Looking for corporate ownership

A row of houses in a neighborhood impacted by corporate investors in Charlotte, N.C., on Feb. 7, 2022. // Khadejeh Nikoyeh, The Charlotte Observer

You’ve got your R project set up. You’ve cleaned your property owner names. And you’ve generated a custom lookup table.

Now it’s time to use what you’ve created so far to look for corporate ownership by matching the names in our property record database with the names in our lookup table using a join.

In this walkthrough, you’ll learn how to:

Join two datasets in R
Filter, group and count using the tidyverse
Avoid common property record pitfalls
Export data

NOTE: Don't forget about verification. Matches made with the techniques in this walkthrough – especially if you're using a lookup table customized for your state or cities – indicate a likely link to the corporate parents we're focusing on here. You'll need to confirm the relationship between subsidiary and parent in your own state, which may have very different companies than those we found in operation in North Carolina.

A primer on joins

A join is the process of uniting two datasets by matching them on one or more common variables.
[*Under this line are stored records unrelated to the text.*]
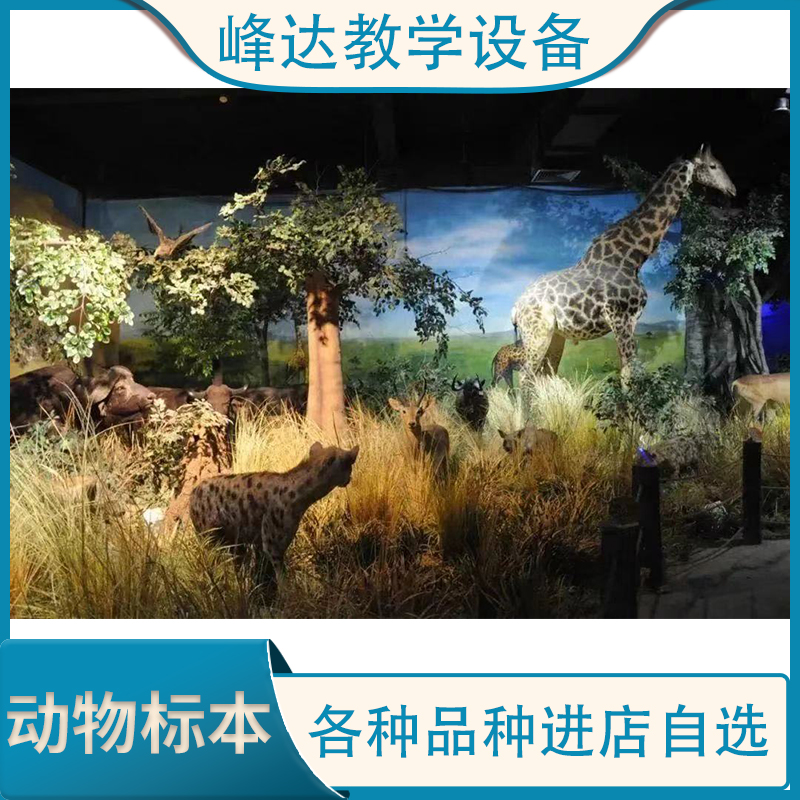 峰达教学 动物标本 观赏动物标册 仿真动物标本 支持定制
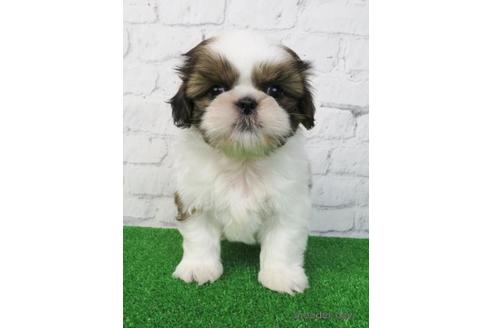 成約済の大阪府のシーズー-172787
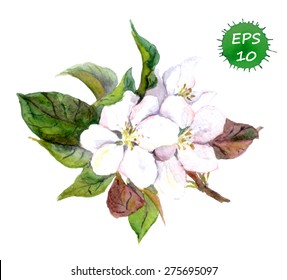 Des fleurs d'arbre de pomme. Image vectorielle aquarelle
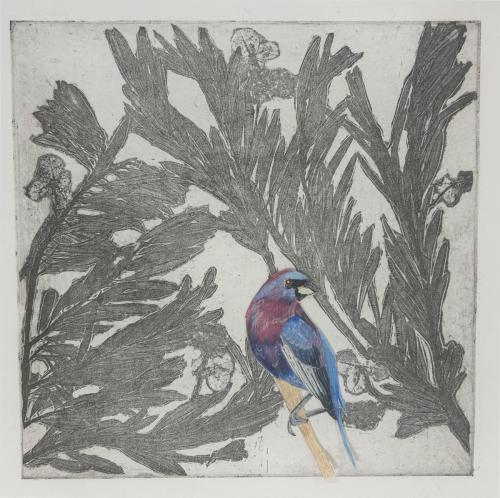 Emery Rosenbaum“Varied Bunting”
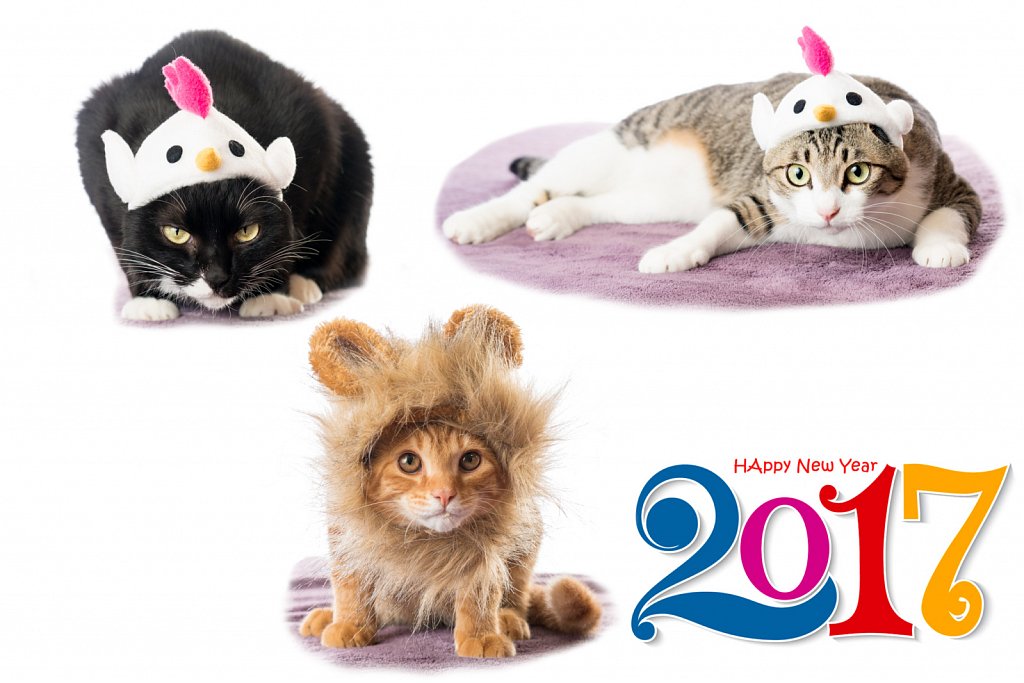 Happy New Year!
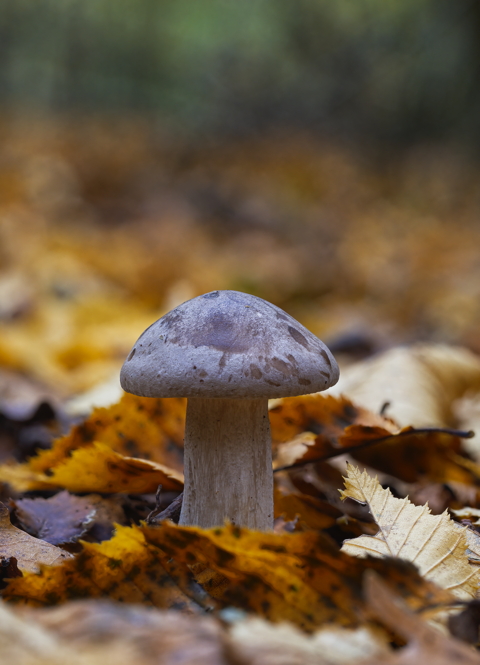 Mottled Bolete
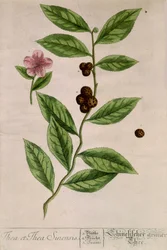 Sinensis-Teepflanze - botanische Tafel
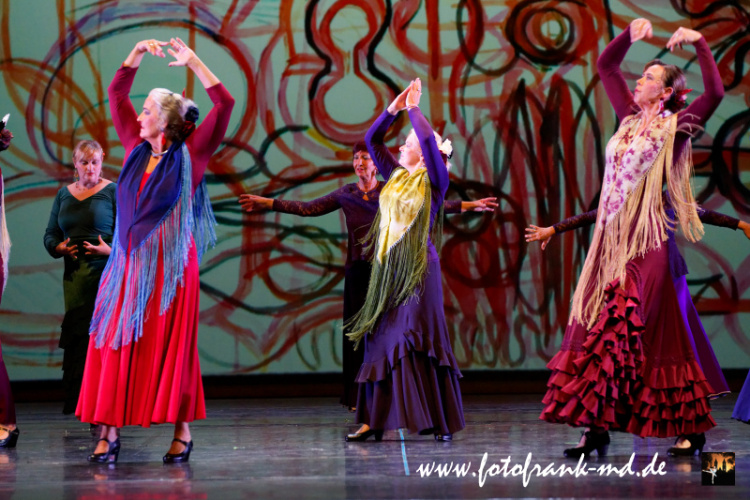 FuS2024-2060-V2-5981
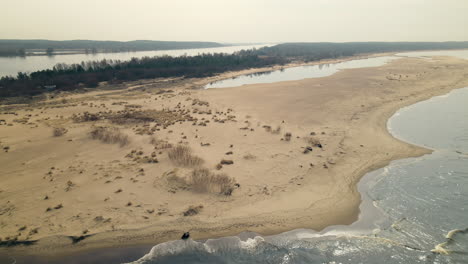 Asombrosa-Vista-Aérea-De-La-Reserva-Natural-De-Mewia-Lacha-En-La-Desembocadura-Del-Río-Vistula-En-Gdansk,-Polonia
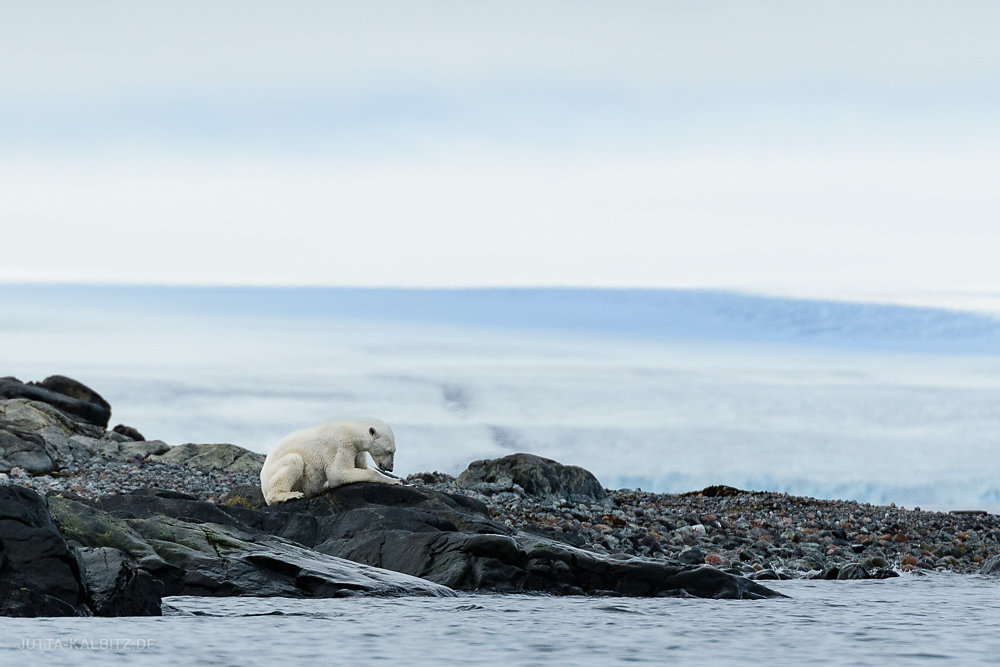 Svalbard-fauna-8.jpg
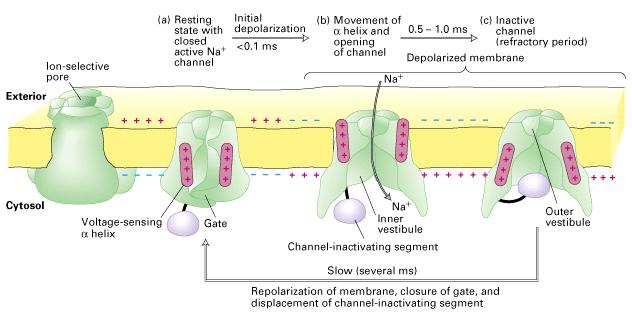 VOC Na + CHANNELS Na + channels are important drug targets. Drugs bind the Na channel inside the pore. Their binding maintains the channel in the inactivated state.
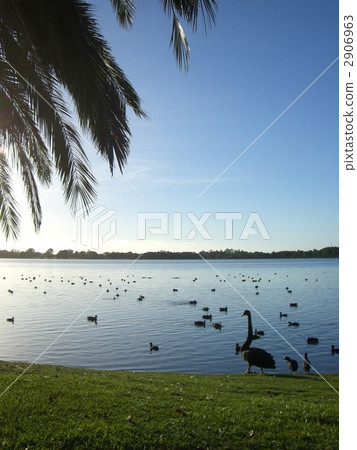 Black birds in Perth, Lake Mongar Black birds in Perth, Lake Mongar 2906963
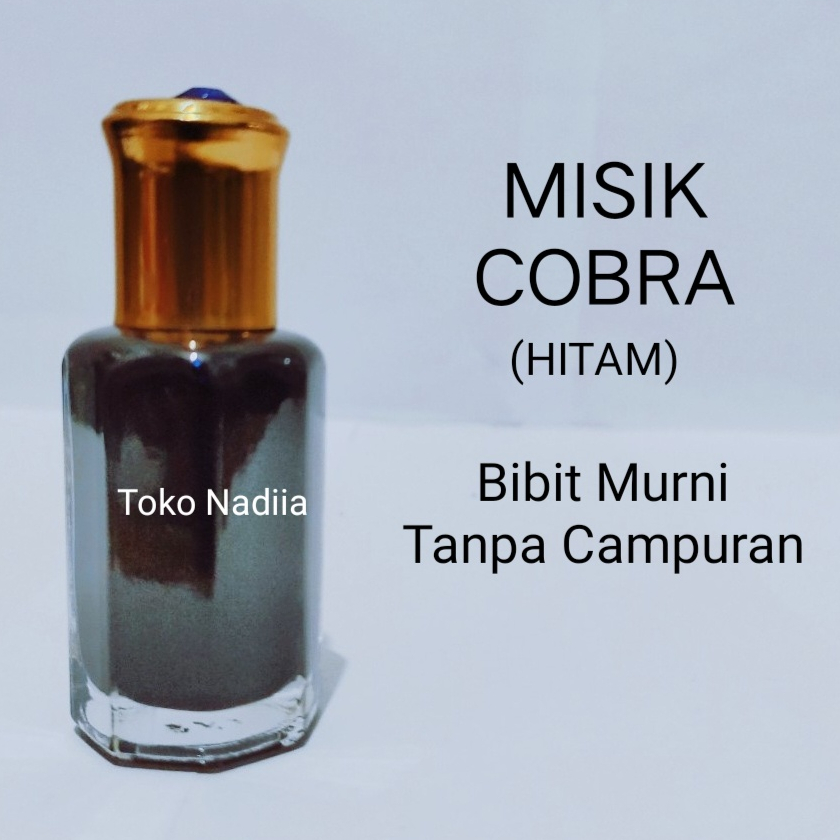 MISIK COBRA / Kobra Hitam Fancy Bouquet Cobra Bibit Murni Tanpa Campuran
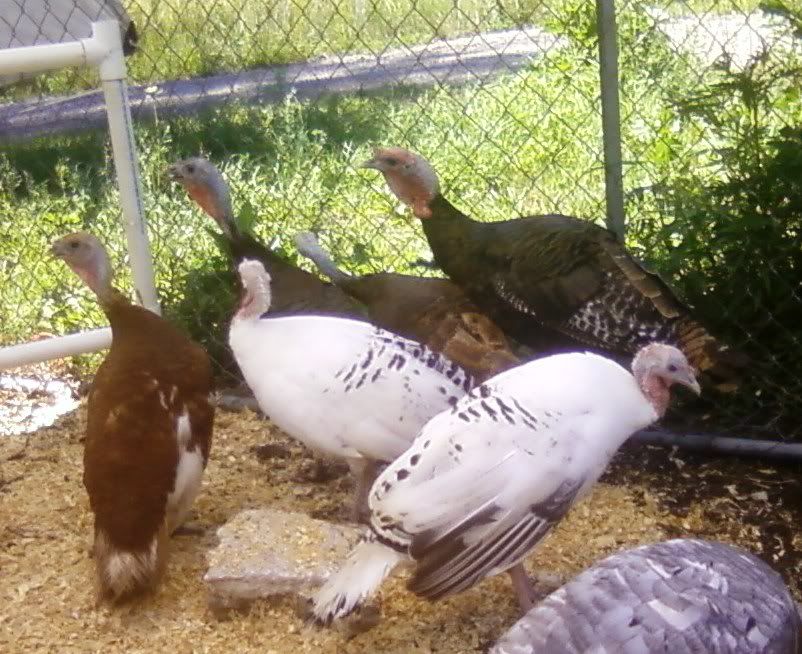 turkeyflock.jpg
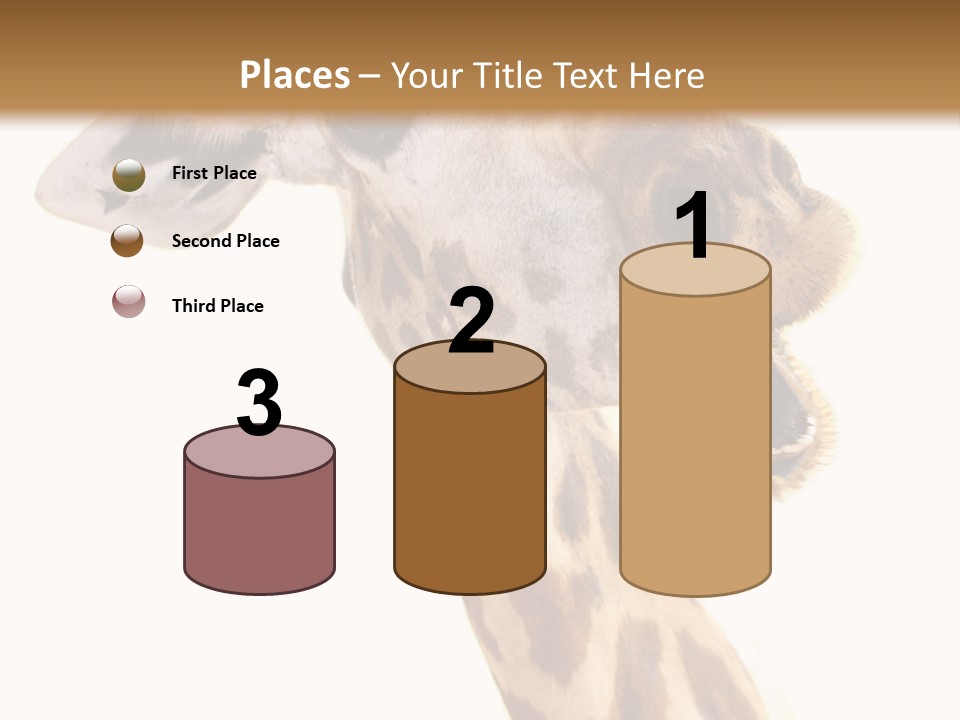 Wildlife Wild Animal Animal PowerPoint Template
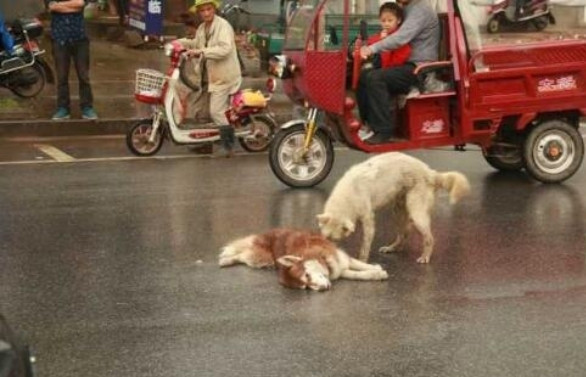 Rơi nước mắt cảnh chú chó ra sức lay bạn tỉnh dậy sau tai nạn ảnh 3 Chú chó ra sức lay bạn với suy nghĩ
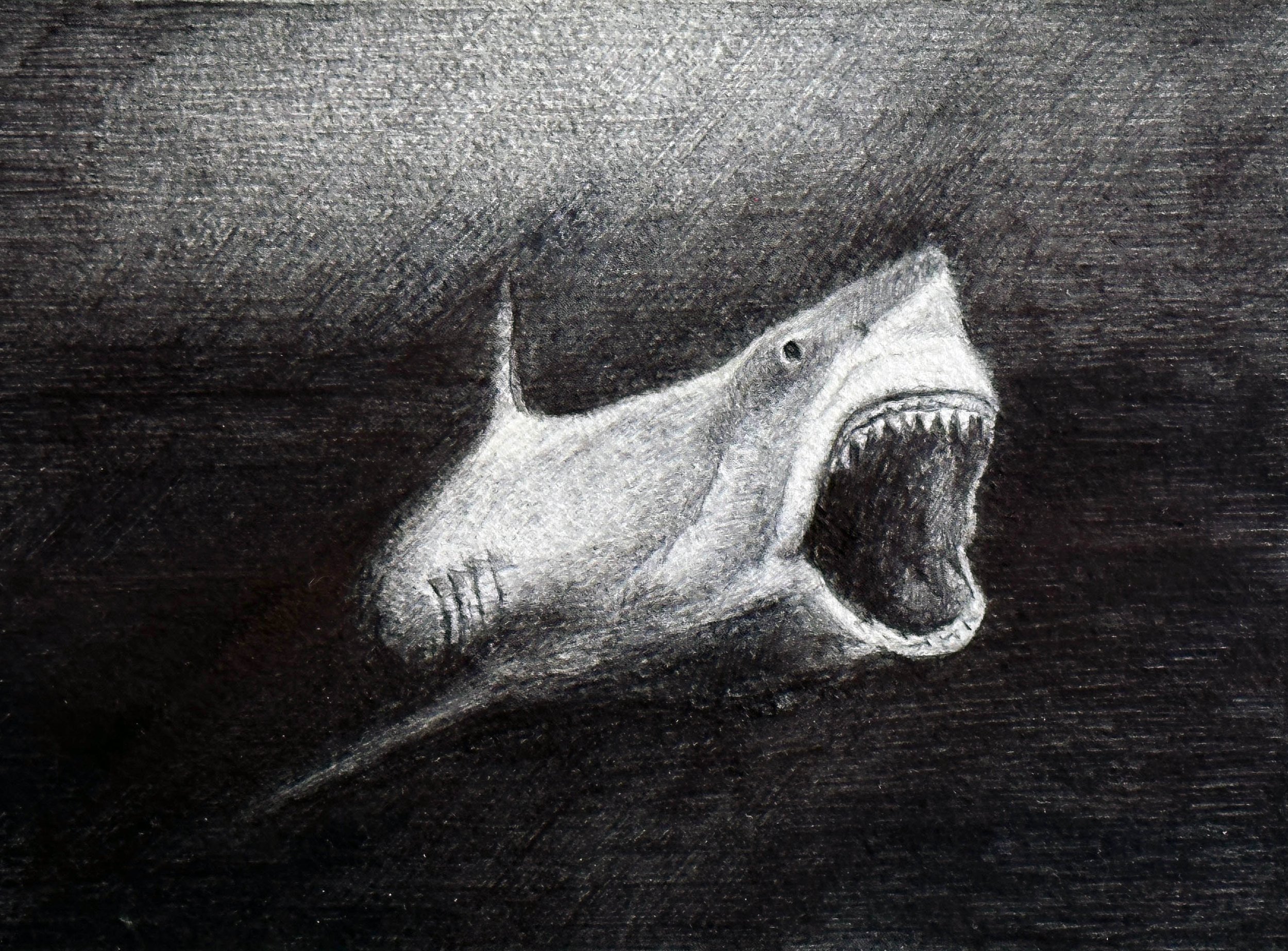 Shark chiaroscuro -7x5.jpg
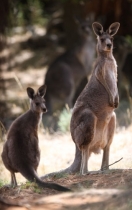 0250 kangaroos on Royal Canberra Golf Course
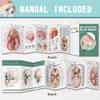 2026 New Human Skull Model,3 Part With 2-Part Human Brain;Half Life Size Skull with Brain;Human Head With Brain for Medical Teaching Learning, Art Sketch,Educational Display Tool Human Anatomy view 3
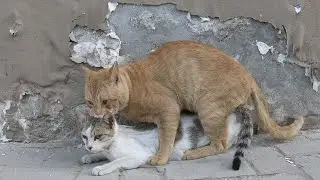 Homeless cats in Ras Al Khaimah, UAE #cat #cats #kitten #kittens #emirates #UAE #pets #pet #straycat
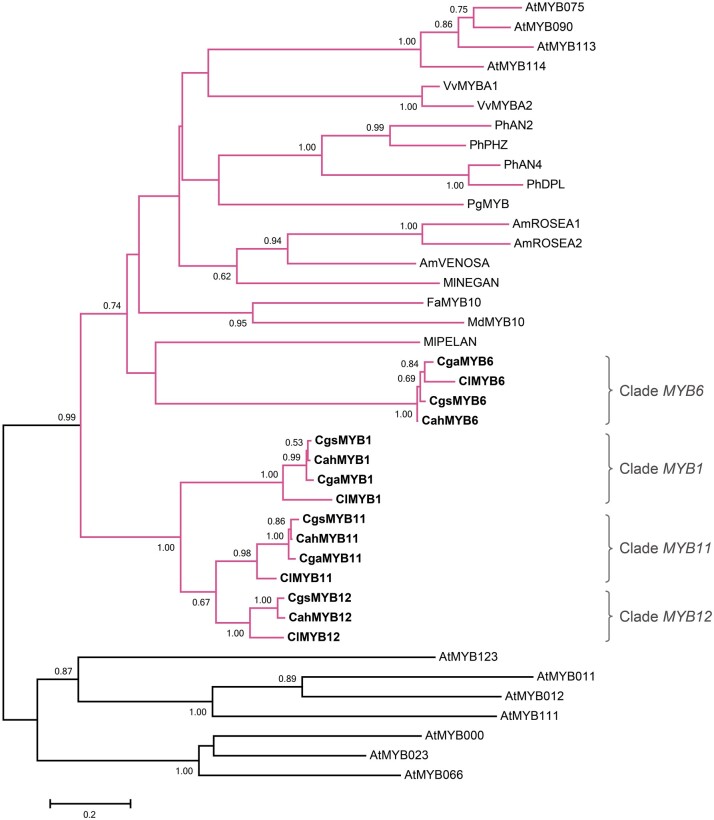 Fig. 3.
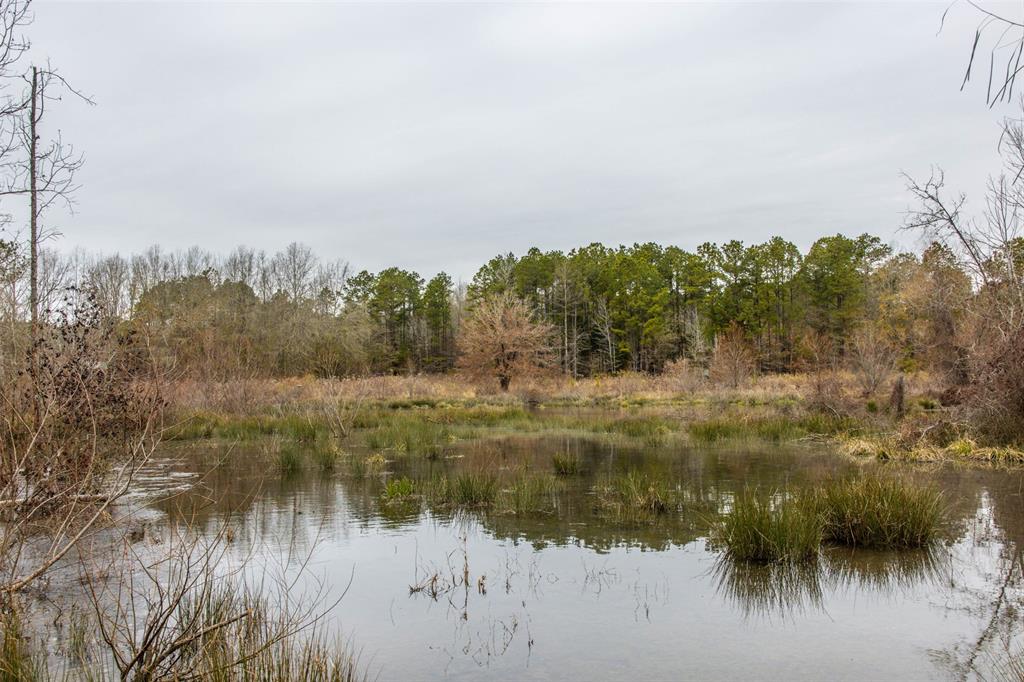 0 County Road 4243d Property Photo 17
If this were a nice, tidy database, we might perform a join using a common ID number that indicates a definite relationship between the fields across our tables.

But we don’t have that here.

What we do have is a pretty good idea of how subsidiaries tied to corporate landlords are named across multiple regions. And we can use that knowledge to identify possible relationships between property owners in your data and the parent companies we identified in our investigation.

Instead of matching an ID number, we’ll attempt to match the data using the clean name from your property record database and the owner_name from our investors_clean data (our lookup table).

There are lots of types of joins, but for this analysis, we’ll use a LEFT JOIN. Which looks like this.

A simple diagram on left joins.

Our property record data is our left table (Table A in the example below), and our parent company lookup table is our right table (Table B in the example below).

Executing a left join using owner names means that only columns from our parent company lookup table that match will be tacked on to our property owner data.

Joining our data

Tidyverse’s left_join() function accepts a dataframe (your property records table, in this case) and a by parameter, which tells the function what we actually want to match on.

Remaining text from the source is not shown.